The heart is made of three layers of tissue.

• Endocardium, the thin inner lining of the heart chambers that also forms the surface of the valves.
• Myocardium, the thick middle layer of muscle that allows your heart chambers to contract and relax to pump blood to your body.
• Pericardium, the sac that surrounds your heart. Made of thin layers of tissue, it holds the heart in place and protects it. A small amount of fluid between the layers helps reduce friction between the beating heart and surrounding tissues.

Some conditions can affect the heart's tissue. Examples include:

• Cardiomyopathy, in which the heart muscle becomes enlarged, thick, or rigid. As cardiomyopathy worsens, the heart becomes weaker and is less able to pump blood through the body and maintain a normal electrical rhythm.
• Heart inflammation, which is inflammation in one or more of the layers of tissue in the heart, including the pericardium, myocardium, or endocardium. This can lead to serious complications, including heart failure, cardiogenic shock, or irregular heart rhythm.

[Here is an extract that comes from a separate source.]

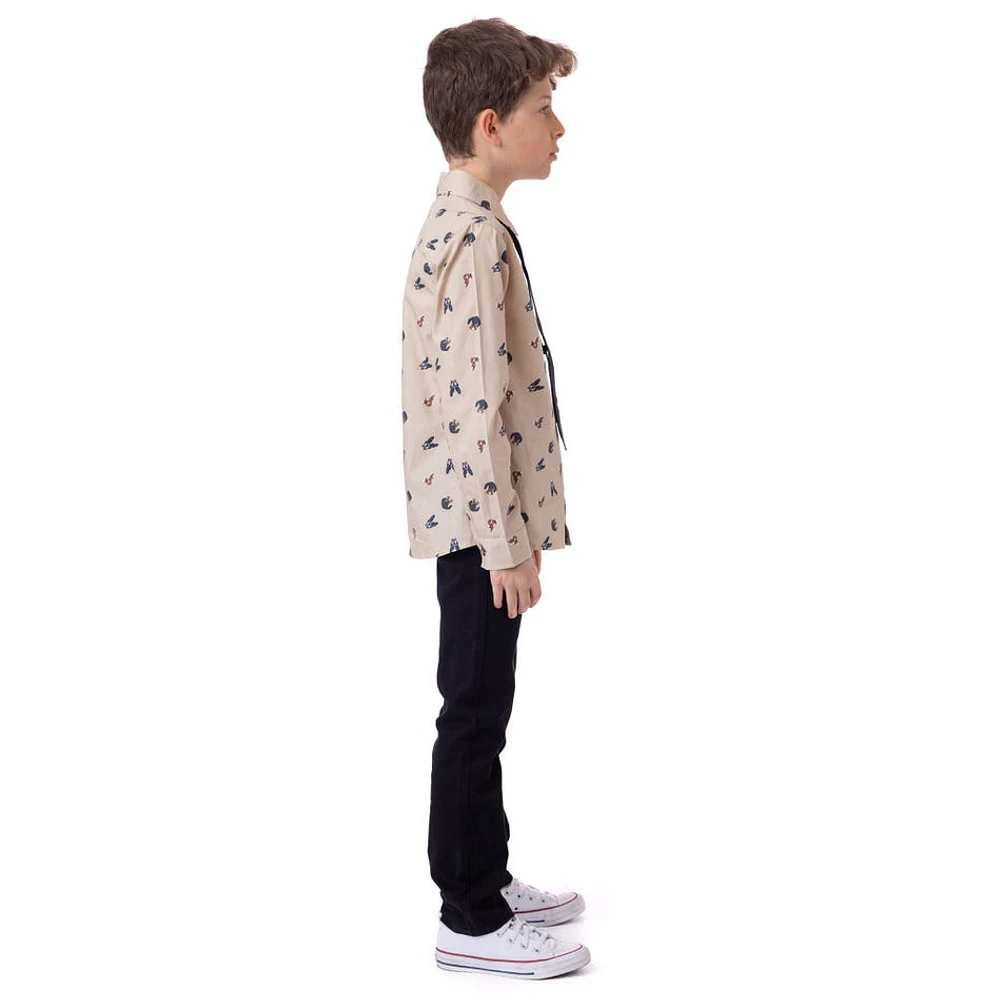 Chemise Imprimée Beige Party 2-12ans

How does the heart form in the womb?

Heart valves control the flow of blood so that it moves in the right direction. The valves prevent blood from flowing backward.

The heart has four valves.

• The tricuspid valve separates the right atrium and right ventricle.
• The mitral valve separates the left atrium and left ventricle.
• The pulmonary valve separates the right ventricle and the pulmonary artery.
• The aortic valve separates the left ventricle and aorta.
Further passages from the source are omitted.